Passages (1996) and déjà vu (1999) are concerned with issues relating to tourist images. They are found footage, amateur film material about travelling. The material was, therefore, private and originally intended for showing in a close circle of family and friends, fulfilling many of the same functions as the family album. Ponger uses the material, however, to tell another story one which is all the darker for its contrast with the coloured brilliance and exoticism of the images.

 

These accounts all begin in Vienna. The descriptions are individual stories of forced Jewish emigration from Austria, refugees fleeing from Nazi terror.
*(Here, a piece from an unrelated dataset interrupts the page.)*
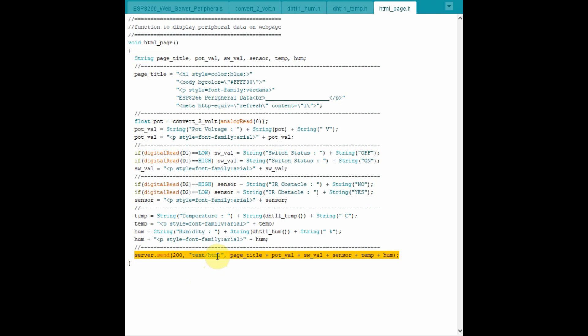Finally, the server, which is the 8266, sends the values of the strings to the web page to be displayed.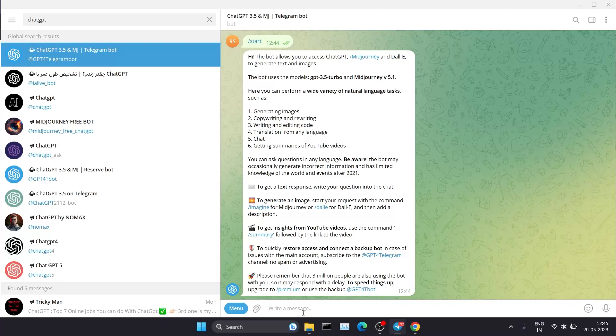It will show the results here. No need to login, no need to do anything. Just paste your queries here. I'm pasting my first query. Let's see whether it will give us an answer or not. What is your name?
The travelogue-like accounts coolly welded to family films of journeys taken for excitement and pleasure makes the private public and the public familial. It engenders a claustrophobic horror in the mind. But there is no respite. As the pictures wander the exotic places of the world they become tainted with the knowledge from the sound-track; the sensual pleasure freezes. At the point when you should be relieved at the escapes of some, you also remember those who didn’t. At the same time you realise that there are other stories of flights from imprisonment and torture woven in and on their way back to Vienna. This time they are told by immigrants seeking safety in the West. Specifically in Vienna.

 

 

 

From the beginning, as the images of déjà vu begin to parade across the screen, the viewer is seduced into their foreign but nonetheless eerily familiar flow. These are documentary sequences of places and people but also of our longing for distant lands, colourful events and the 1001 star-pierced tropical nights which no camera can capture. The scenes are strung together on a crimson thread like the glass trading beads of a bygone era. What happens on the visual level happens too quickly to allow much control, analysis or argument.

 

 

In Passages the normality of the travel memories slowly begin to take on another dimension when we concentrate on the sound track.